ASSIGNMENT:
In the records below, find the line with "Impressionist Floral Landscape" and repeat exactly every line from it through the line with "SUMWON WOMEN Pull". Pictures stay out.

DATA SUPPLIED:
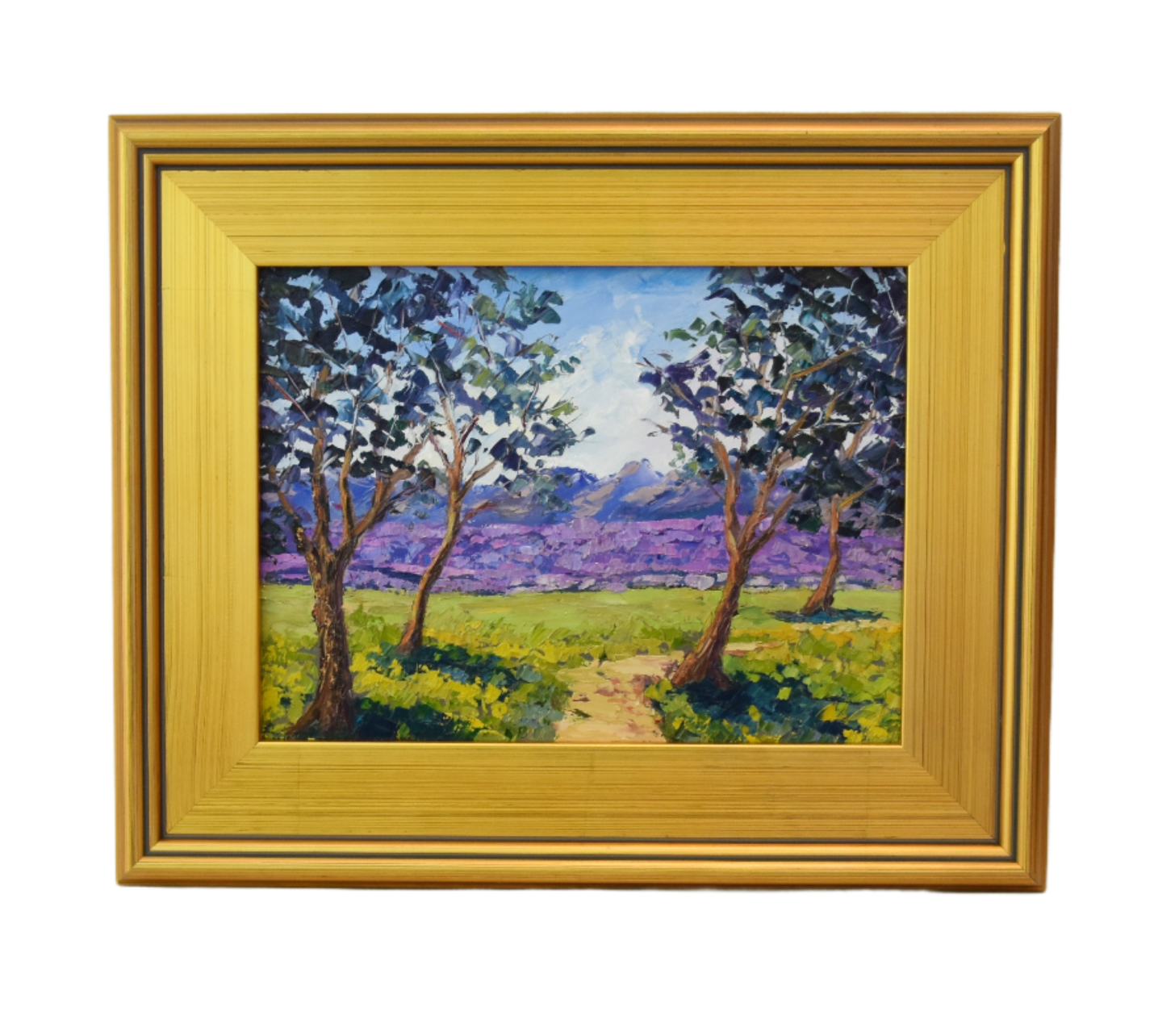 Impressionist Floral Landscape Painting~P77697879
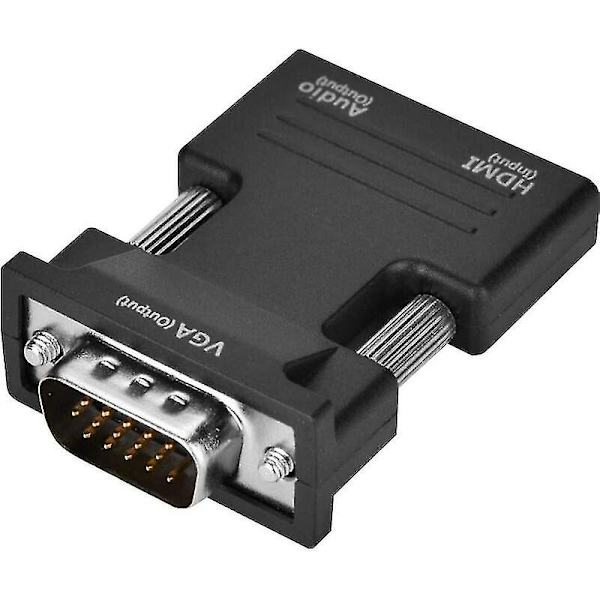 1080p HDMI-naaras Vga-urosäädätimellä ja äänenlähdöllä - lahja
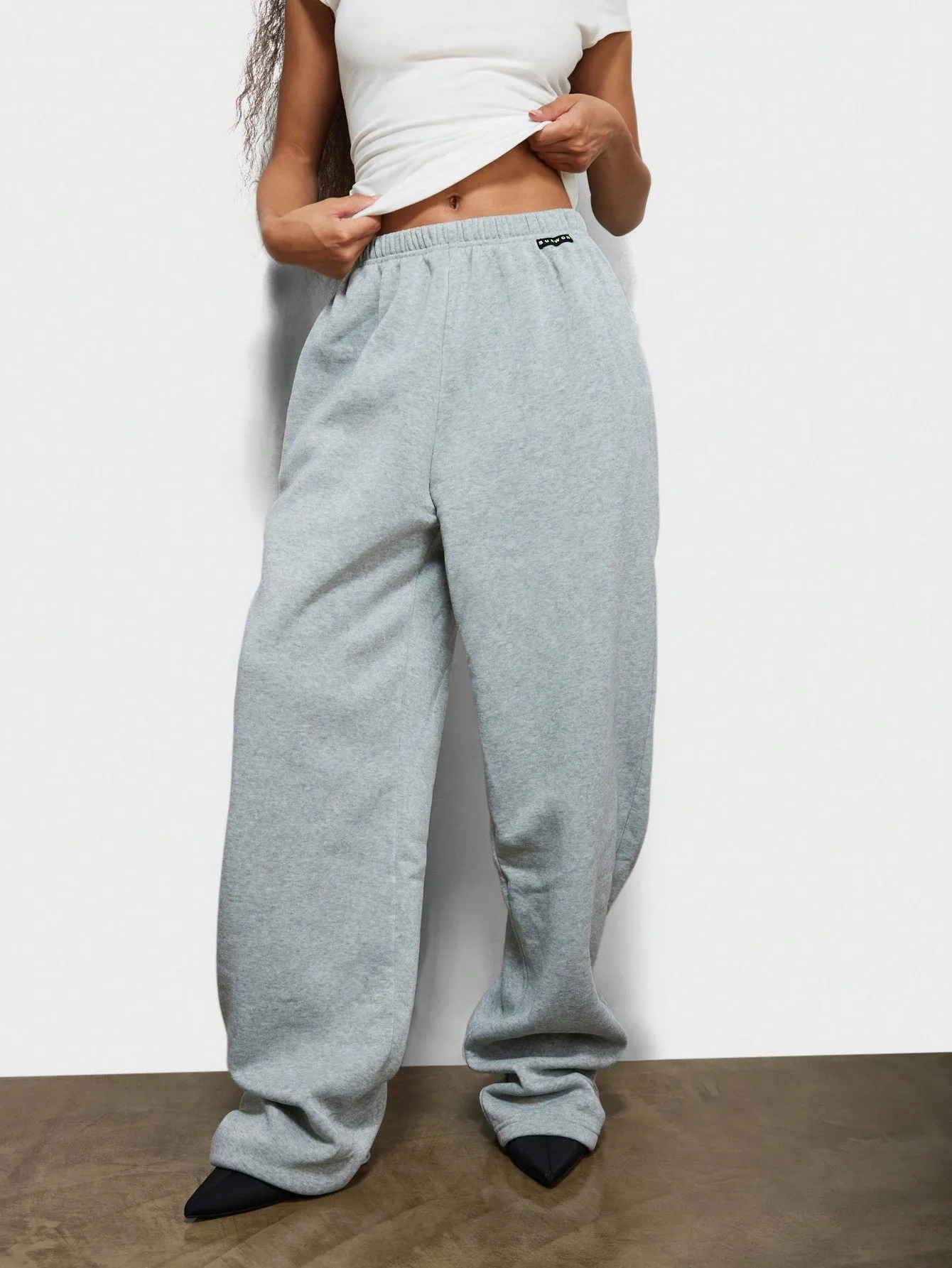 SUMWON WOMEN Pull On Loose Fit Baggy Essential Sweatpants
==
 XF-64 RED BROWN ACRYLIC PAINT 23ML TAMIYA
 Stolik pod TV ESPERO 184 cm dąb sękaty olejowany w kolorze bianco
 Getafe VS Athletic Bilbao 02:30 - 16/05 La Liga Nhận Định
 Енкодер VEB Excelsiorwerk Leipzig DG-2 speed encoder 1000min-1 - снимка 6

OUTPUT OF THE TASK:
 Impressionist Floral Landscape Painting~P77697879
 1080p HDMI-naaras Vga-urosäädätimellä ja äänenlähdöllä - lahja
 SUMWON WOMEN Pull On Loose Fit Baggy Essential Sweatpants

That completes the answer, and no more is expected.